Multi-Cue Zero-Shot Learning with Strong Supervision
This work addresses the problem of scaling visual category recognition for AI systems by reducing reliance on costly human annotations, though it is incremental in enhancing existing zero-shot learning methods.
The paper tackled the bottleneck of requiring human-annotated attributes in zero-shot learning by using multiple unstructured web text sources and incorporating semantic part annotations for stronger supervision, achieving consistent and significant improvements in zero-shot recognition and retrieval.

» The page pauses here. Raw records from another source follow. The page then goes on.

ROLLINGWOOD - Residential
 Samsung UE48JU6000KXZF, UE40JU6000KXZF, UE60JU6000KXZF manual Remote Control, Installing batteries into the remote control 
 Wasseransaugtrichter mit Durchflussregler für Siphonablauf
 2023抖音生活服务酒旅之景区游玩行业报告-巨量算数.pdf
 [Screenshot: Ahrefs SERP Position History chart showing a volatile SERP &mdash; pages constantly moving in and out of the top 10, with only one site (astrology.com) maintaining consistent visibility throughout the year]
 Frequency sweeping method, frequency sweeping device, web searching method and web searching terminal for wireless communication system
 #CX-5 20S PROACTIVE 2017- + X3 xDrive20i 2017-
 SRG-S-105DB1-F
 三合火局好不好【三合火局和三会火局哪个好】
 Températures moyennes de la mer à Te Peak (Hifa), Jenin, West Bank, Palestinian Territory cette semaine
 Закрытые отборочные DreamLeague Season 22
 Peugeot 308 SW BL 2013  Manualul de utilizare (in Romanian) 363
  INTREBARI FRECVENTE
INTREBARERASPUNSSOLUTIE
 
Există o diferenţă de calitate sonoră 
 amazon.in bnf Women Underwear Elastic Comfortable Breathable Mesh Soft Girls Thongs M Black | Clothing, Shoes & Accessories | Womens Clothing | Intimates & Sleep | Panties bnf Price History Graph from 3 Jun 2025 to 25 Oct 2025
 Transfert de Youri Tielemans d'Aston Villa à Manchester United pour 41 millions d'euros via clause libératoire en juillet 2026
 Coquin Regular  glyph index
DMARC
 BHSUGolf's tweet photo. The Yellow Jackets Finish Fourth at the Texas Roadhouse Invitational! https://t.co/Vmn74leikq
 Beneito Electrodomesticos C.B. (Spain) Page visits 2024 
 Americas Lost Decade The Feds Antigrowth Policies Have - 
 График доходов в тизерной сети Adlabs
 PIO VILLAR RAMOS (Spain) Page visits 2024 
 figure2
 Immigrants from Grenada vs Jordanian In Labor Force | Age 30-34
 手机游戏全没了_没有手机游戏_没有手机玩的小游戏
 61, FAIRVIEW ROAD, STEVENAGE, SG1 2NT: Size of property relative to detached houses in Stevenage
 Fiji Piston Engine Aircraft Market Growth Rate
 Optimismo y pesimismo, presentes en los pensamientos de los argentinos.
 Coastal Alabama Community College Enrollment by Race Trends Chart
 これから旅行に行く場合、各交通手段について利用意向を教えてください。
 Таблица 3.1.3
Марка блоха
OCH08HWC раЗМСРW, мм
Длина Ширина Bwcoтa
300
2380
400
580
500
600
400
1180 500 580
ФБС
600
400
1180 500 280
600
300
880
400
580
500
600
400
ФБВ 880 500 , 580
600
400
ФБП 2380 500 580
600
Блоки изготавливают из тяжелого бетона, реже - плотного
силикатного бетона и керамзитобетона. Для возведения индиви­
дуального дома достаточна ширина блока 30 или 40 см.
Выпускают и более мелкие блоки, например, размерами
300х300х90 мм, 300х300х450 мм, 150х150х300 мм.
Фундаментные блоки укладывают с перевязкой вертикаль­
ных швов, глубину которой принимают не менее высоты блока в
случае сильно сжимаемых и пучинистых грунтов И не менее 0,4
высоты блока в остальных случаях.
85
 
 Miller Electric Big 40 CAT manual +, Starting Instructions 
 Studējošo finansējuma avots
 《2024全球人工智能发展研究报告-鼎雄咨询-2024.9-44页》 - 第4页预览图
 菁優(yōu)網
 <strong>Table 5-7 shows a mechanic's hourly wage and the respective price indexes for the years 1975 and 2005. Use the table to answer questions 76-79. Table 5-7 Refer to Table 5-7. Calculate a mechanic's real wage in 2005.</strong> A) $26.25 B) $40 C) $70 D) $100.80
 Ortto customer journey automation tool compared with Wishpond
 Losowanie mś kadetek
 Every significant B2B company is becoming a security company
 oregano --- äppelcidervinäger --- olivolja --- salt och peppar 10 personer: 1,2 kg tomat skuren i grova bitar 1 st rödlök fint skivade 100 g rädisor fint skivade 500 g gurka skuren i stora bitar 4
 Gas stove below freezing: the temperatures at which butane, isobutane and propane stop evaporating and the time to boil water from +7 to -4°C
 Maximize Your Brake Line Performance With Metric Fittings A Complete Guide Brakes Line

Scaling up visual category recognition to large numbers of classes remains challenging. A promising research direction is zero-shot learning, which does not require any training data to recognize new classes, but rather relies on some form of auxiliary information describing the new classes. Ultimately, this may allow to use textbook knowledge that humans employ to learn about new classes by transferring knowledge from classes they know well. The most successful zero-shot learning approaches currently require a particular type of auxiliary information -- namely attribute annotations performed by humans -- that is not readily available for most classes. Our goal is to circumvent this bottleneck by substituting such annotations by extracting multiple pieces of information from multiple unstructured text sources readily available on the web. To compensate for the weaker form of auxiliary information, we incorporate stronger supervision in the form of semantic part annotations on the classes from which we transfer knowledge. We achieve our goal by a joint embedding framework that maps multiple text parts as well as multiple semantic parts into a common space. Our results consistently and significantly improve on the state-of-the-art in zero-short recognition and retrieval.